Greek, Hebrew and Aramaic Notes
Our contract partners will need to read the language specific documentation found in the following documents: ‘grc - Logos Biblical Greek Encoding.pdf’, ‘heb - Logos Biblical Hebrew Encoding.pdf’ Consult these manuals before and while keying these languages to properly encode them.
The Hebrew and Aramaic character palettes now allow you to choose between seeing the letters in alphabetic order or seeing them grouped by shape to assist in selecting between commonly confused letters.
Arabic and Syriac Notes
For Arabic and Syriac, each letter can have up to four shapes, depending on if it stands alone, or occurs at the beginning, middle or end of a word. In Shibboleth, all four forms are shown in the Character Palettes, making it easier to select the right character no matter which shape the letter is taking.
The Syriac abbreviation mark is not currently rendering properly in .NET 4. The Syriac character palette now allows you to choose between seeing the letters in alphabetic order or seeing them grouped by shape to assist in selecting between commonly confused letters.

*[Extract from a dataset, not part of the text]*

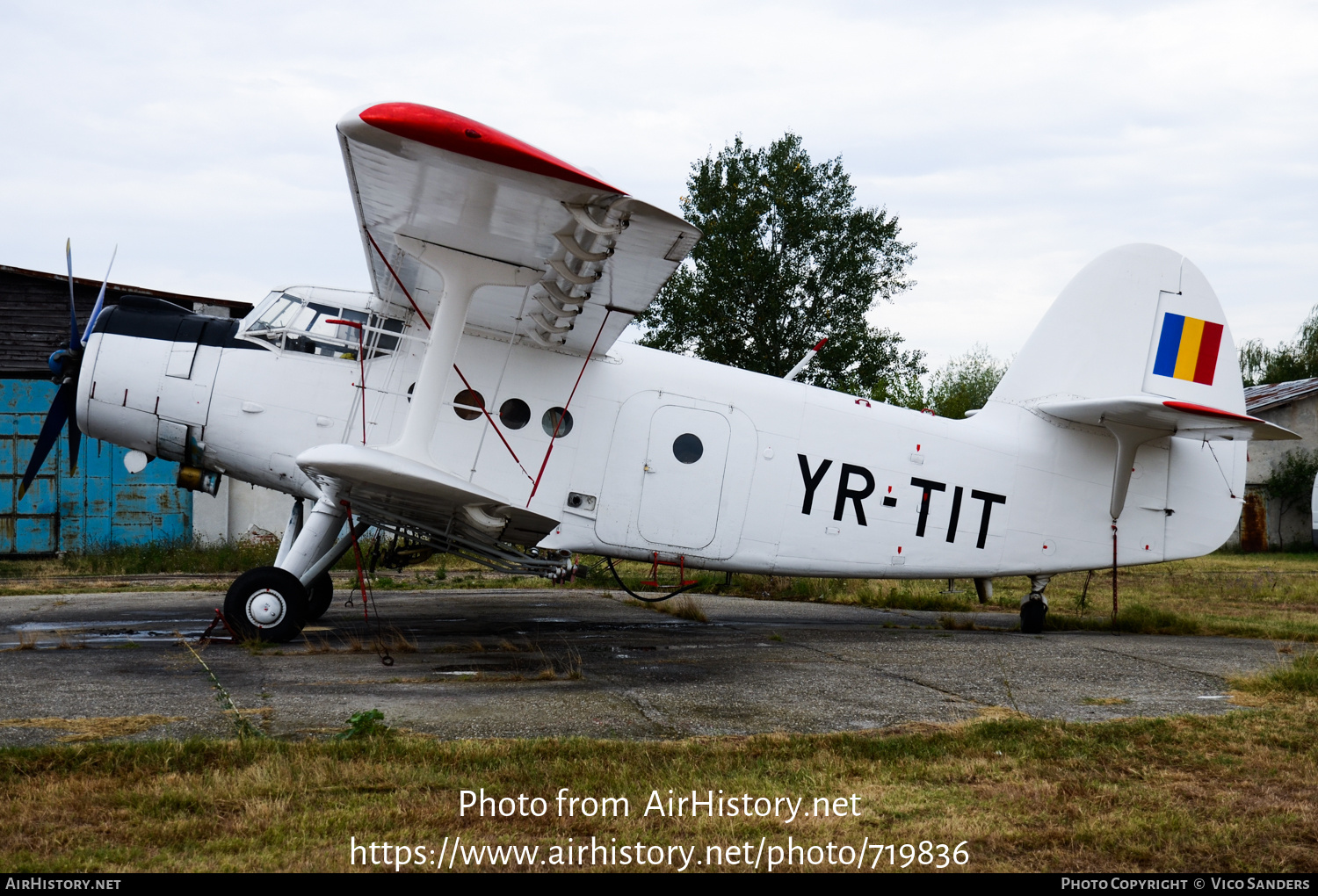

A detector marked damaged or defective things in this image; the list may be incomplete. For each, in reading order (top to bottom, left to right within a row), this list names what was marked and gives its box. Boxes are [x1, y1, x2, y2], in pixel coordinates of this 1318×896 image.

rusty metal wall [0, 377, 191, 553]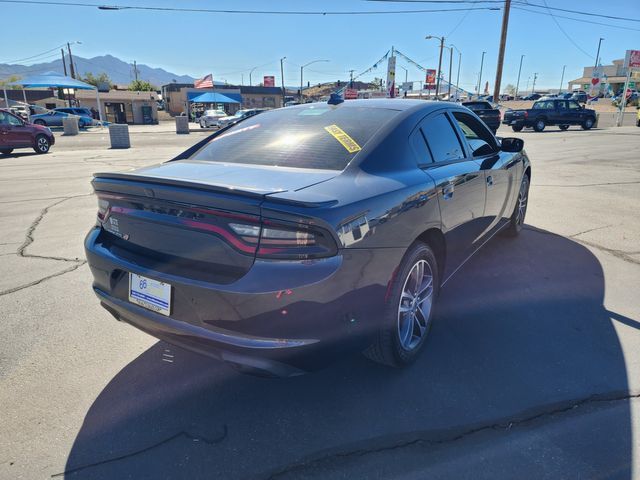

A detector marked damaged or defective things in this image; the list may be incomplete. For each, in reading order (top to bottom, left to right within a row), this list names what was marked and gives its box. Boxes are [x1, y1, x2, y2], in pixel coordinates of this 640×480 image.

cracked pavement [0, 124, 636, 480]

Our contractors should read ‘ara – Buckwalter Writing System.pdf’ and ‘syr - Logos Syriac Encoding.pdf’ for more information on keying these languages.
Ethiopic and Armenian Notes
The ASCII text edit modes of Ethiopic and Armenia are handled somewhat differently. Ethiopic is based on one mark per syllable. Since there are more than 40 consonants and 8 vowel sounds, there is no good way to use one ASCII character per Ethiopic symbol. Instead, each Ethiopic symbol is typed out with 2 to 4 letters (1 or 2 letters for the consonant value and 1 or 2 letters for the vowel) with a forward slash placed in between. This means that, since there isn’t a one-to-one relationship between the character in the Preview Pane and the characters in the LGM Entry Pane, that to remove a character completely requires that the backspace key be pressed several times. The forward slashes then provide useful visual cues to know how far to delete.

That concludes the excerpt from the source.